> Exercise goal:
Your reply should reproduce the data below without a single alteration, apart from dropping the images.

> Data below:

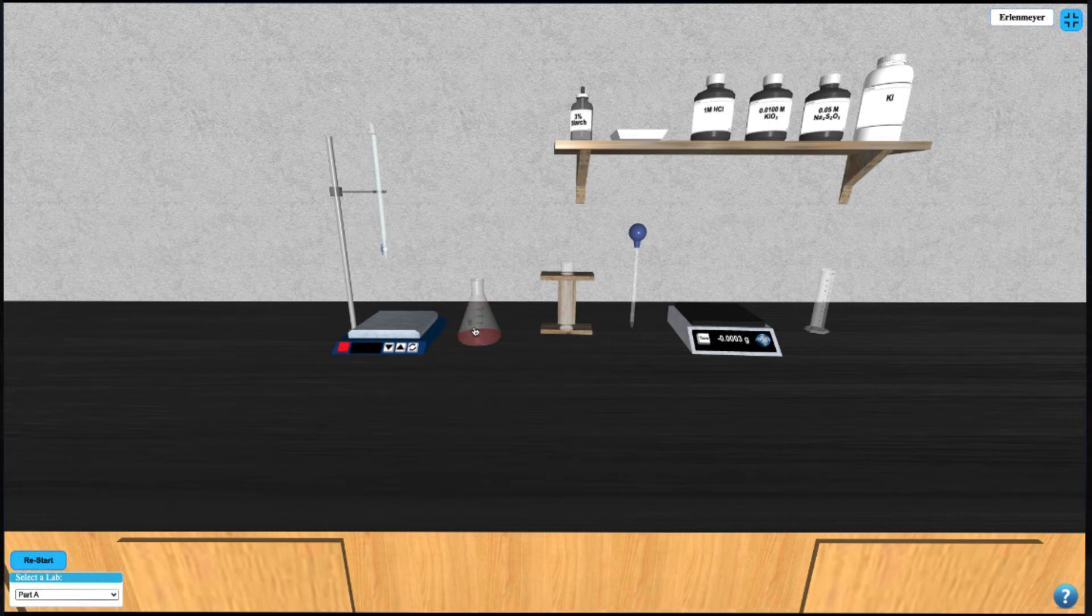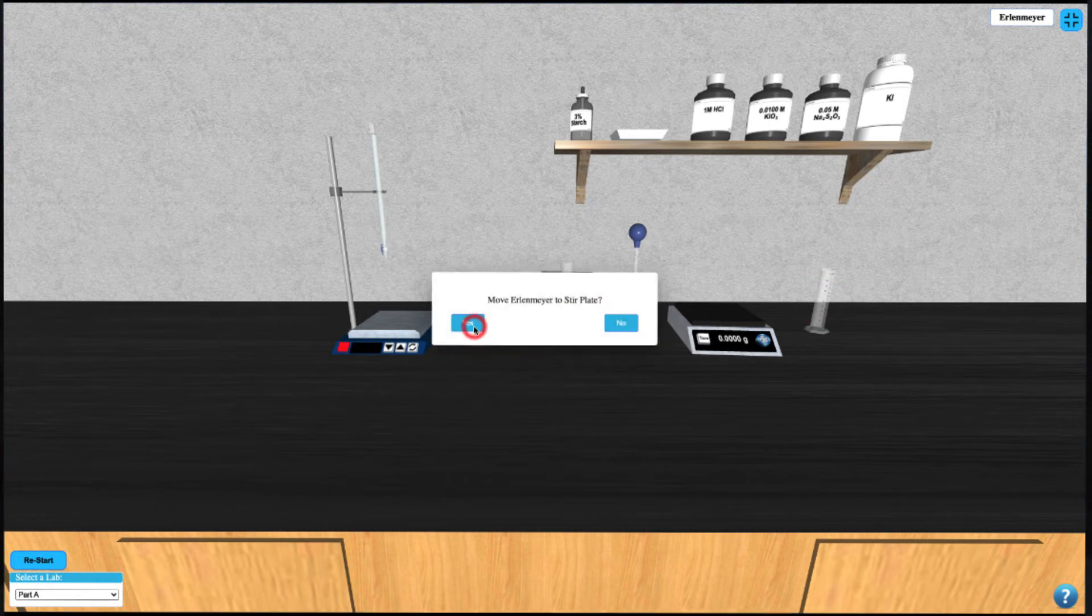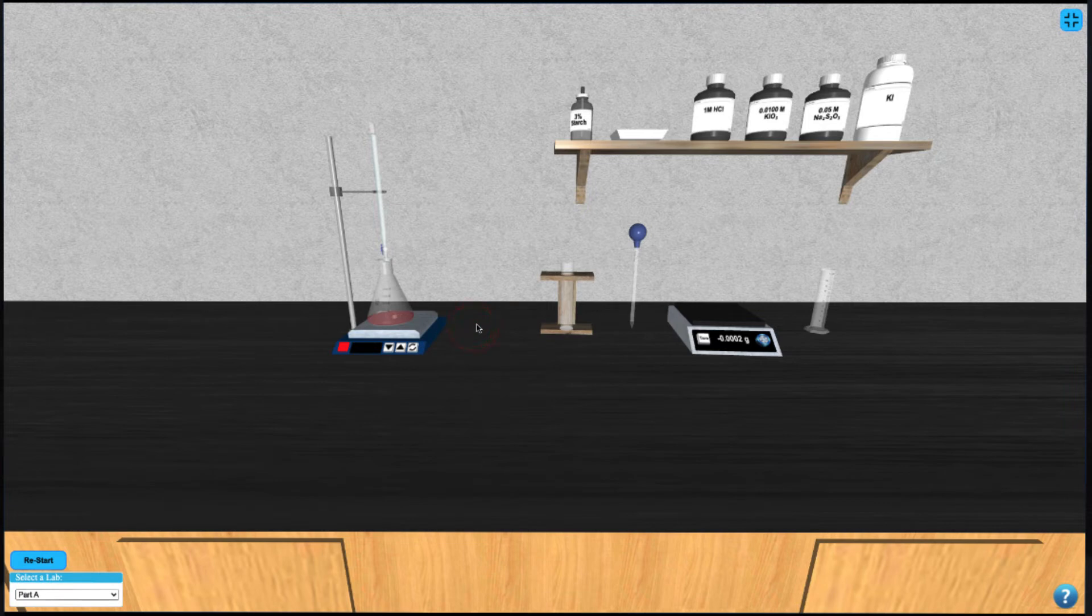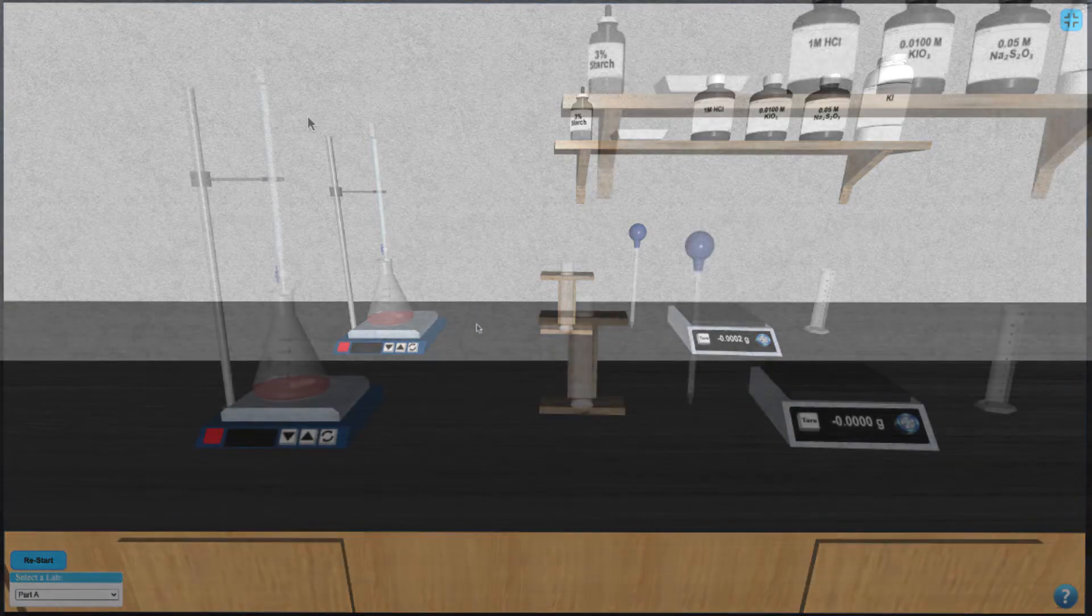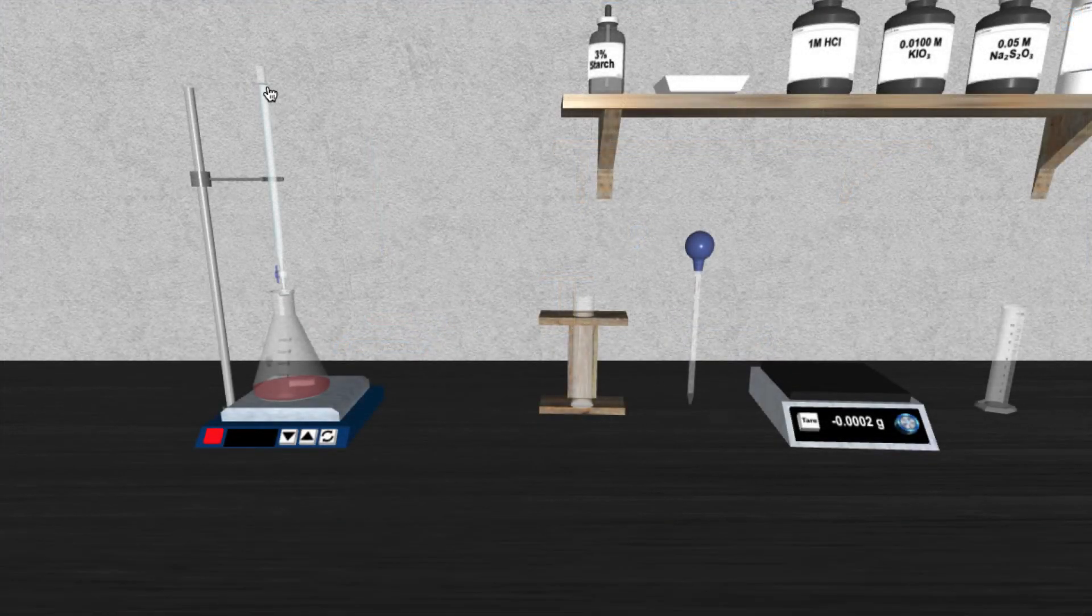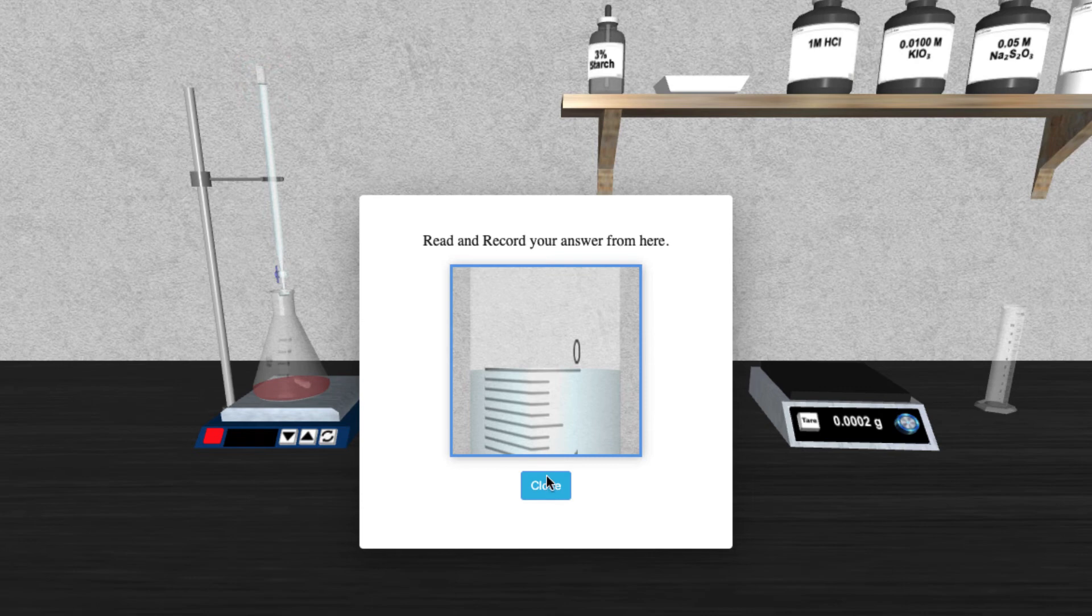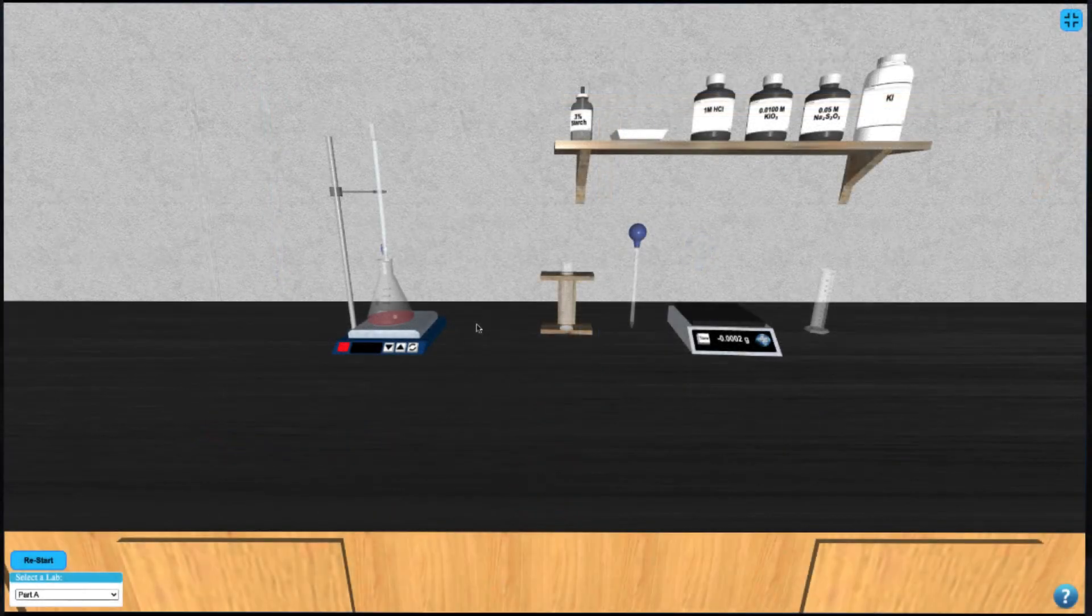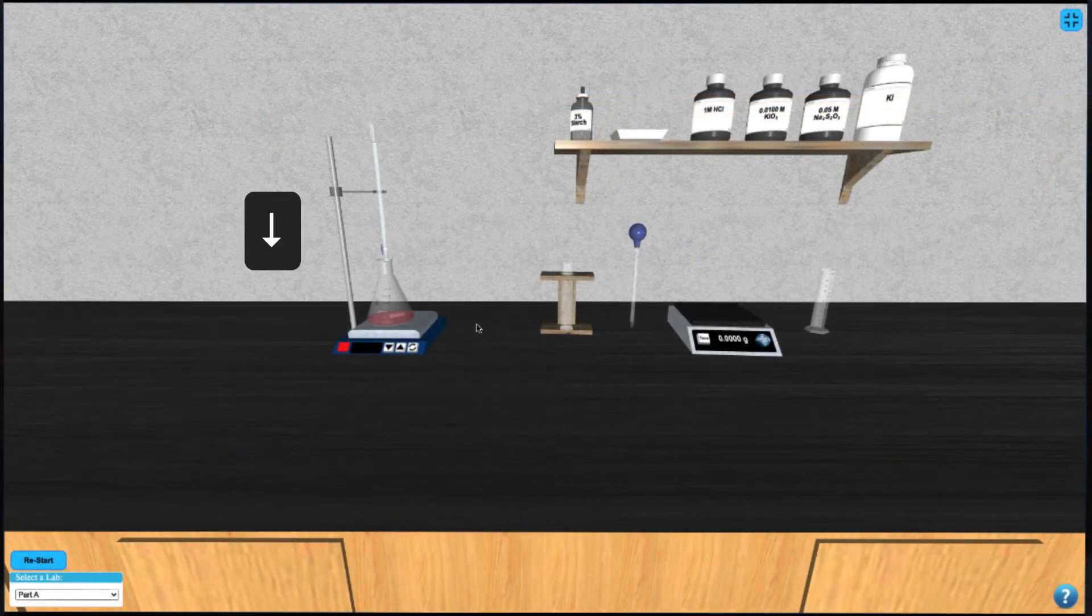Now we can begin the titration by clicking on the Erlenmeyer to move it under the burette. Be sure to make a note of the starting volume of the burette. Use the down arrow to titrate until required.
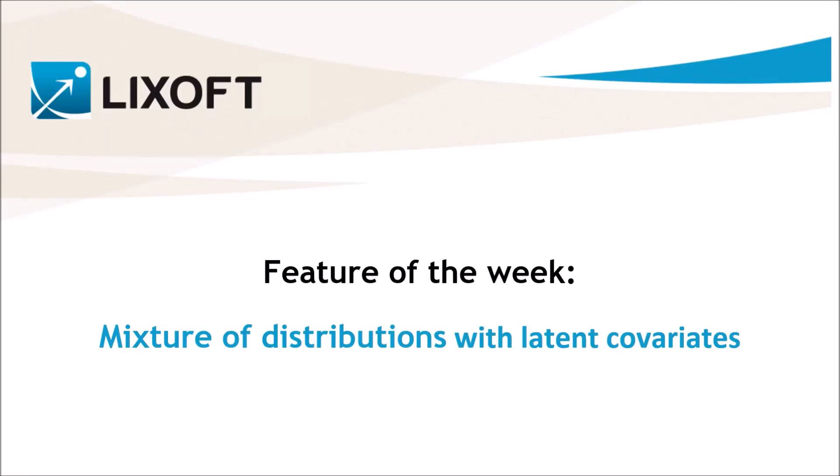In this video, we are going to see what is a latent covariate and how it can be used to model parameters with mixtures of distributions.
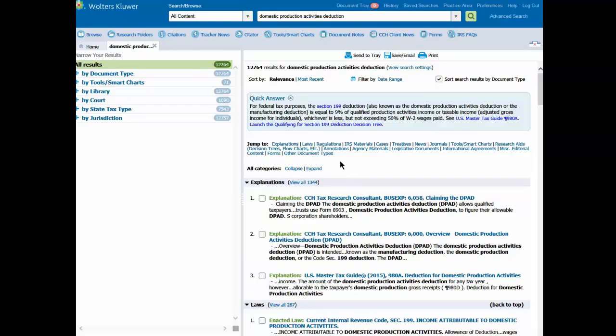Your search results are open on the right-hand side of the screen. At the top of the page, you'll see an option called View Search Settings, which lets you see the synonyms that we included in your search. Below that is a quick answer related to the keywords you typed in.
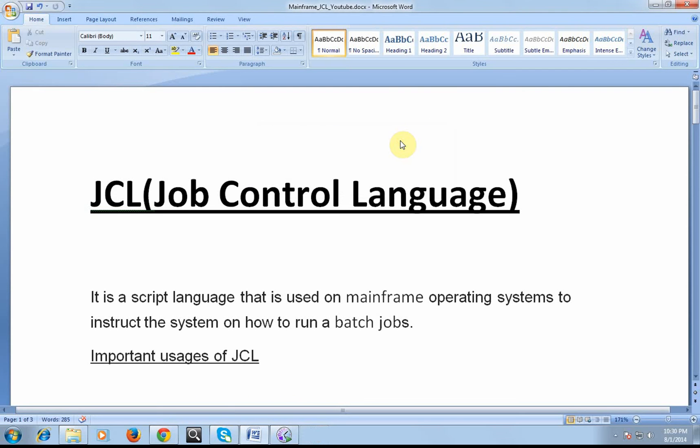Hi, good morning and good evening to everyone. You are on to a mainframe tutorials. Today our topic would be JCL, a Job Control Language, which is very important when you are working on mainframe operating systems.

> Reply to the task:
Now we can begin the titration by clicking on the Erlenmeyer to move it under the burette. Be sure to make a note of the starting volume of the burette. Use the down arrow to titrate until required.
In this video, we are going to see what is a latent covariate and how it can be used to model parameters with mixtures of distributions.
Your search results are open on the right-hand side of the screen. At the top of the page, you'll see an option called View Search Settings, which lets you see the synonyms that we included in your search. Below that is a quick answer related to the keywords you typed in.
Hi, good morning and good evening to everyone. You are on to a mainframe tutorials. Today our topic would be JCL, a Job Control Language, which is very important when you are working on mainframe operating systems.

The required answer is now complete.